Lewicowo-liberalna większość Parlamentu Europejskiego przyjęła dziś skandaliczną rezolucję, w której atakuje polski rząd i podważa status Trybunału Konstytucyjnego. Co w rzeczywistości oznacza przegłosowany dokument? Europoseł Witold Waszczykowski podkreśla, że w rzeczywistości ta rezolucja nie jest prawnie wiążąca. Dokument może jednak wiązać się z innymi konsekwencjami.

- „Ta rezolucja nie jest prawnie wiążąca. Ani Komisja Europejska, ani inne unijne instytucje, a tym bardziej państwa nie muszą się do niej stosować. Jest to apel”

- powiedział na antenie Trójki Polskiego Radia były minister spraw zagranicznych.

Waszczykowski podkreśla jednak, że nie lekceważy ani nie marginalizuje przyjętej rezolucji, bo „to dokument, który ma prowadzić do stygmatyzacji rządu polskiego, do wytwarzania złej atmosfery wokół Polski i rządu polskiego”.

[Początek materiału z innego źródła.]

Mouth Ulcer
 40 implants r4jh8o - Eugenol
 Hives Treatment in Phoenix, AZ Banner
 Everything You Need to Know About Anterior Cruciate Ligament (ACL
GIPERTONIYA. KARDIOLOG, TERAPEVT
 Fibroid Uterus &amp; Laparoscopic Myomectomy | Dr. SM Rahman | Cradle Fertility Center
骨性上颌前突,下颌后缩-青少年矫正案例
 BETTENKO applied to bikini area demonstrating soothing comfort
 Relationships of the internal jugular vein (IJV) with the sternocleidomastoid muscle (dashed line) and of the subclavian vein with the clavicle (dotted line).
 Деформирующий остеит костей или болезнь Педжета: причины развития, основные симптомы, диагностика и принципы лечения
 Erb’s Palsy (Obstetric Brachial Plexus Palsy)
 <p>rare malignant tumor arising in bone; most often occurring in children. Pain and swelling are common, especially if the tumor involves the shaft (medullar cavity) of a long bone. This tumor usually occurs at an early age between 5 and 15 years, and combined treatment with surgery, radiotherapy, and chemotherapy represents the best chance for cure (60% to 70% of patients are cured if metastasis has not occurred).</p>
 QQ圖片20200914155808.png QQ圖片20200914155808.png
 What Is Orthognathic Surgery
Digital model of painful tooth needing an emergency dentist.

- „Celem takiego grillowania, takich rezolucji, jest doprowadzenie do tego, że agencje ratingowe będą obniżały nam ratingi, że inwestorzy nie będą chcieli inwestować, że będą drożały nasze pożyczki itd.”

- wyjaśnił.

Eurposeł zwrócił również uwagę na udział polskich eurodeputowanych w ogłoszeniu dzisiejszej rezolucji. Politycy totalnej opozycji, którzy od dawna domagają się kar dla Polski, poparli antypolski dokument.